> WHAT NEEDS TO BE DONE
In the listing that follows, copy out each line that includes the word "Limited".
--- MATERIAL PROVIDED Enclosed Below ---
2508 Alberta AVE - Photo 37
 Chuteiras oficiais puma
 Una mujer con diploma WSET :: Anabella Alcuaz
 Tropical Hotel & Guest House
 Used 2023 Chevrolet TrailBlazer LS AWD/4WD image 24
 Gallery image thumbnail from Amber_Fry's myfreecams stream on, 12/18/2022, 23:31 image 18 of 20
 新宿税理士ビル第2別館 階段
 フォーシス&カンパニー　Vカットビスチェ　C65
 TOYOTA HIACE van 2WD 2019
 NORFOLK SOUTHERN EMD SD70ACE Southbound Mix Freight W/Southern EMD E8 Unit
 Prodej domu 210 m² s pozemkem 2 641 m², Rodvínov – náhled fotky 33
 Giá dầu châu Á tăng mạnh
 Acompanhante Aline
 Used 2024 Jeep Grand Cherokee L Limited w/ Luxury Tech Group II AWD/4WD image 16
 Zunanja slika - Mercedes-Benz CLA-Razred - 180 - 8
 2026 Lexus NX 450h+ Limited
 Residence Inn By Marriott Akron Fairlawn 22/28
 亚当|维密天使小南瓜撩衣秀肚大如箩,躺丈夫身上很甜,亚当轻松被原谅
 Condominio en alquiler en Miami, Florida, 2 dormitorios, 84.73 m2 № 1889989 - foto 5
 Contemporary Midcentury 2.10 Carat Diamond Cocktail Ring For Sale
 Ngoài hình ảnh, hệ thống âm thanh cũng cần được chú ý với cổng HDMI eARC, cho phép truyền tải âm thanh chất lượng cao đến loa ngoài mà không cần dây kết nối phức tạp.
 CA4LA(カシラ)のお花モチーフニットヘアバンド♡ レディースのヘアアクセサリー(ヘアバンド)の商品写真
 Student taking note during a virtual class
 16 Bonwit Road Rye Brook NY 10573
--- End of Enclosed MATERIAL PROVIDED ---
> ANSWER SECTION
 Used 2024 Jeep Grand Cherokee L Limited w/ Luxury Tech Group II AWD/4WD image 16
 2026 Lexus NX 450h+ Limited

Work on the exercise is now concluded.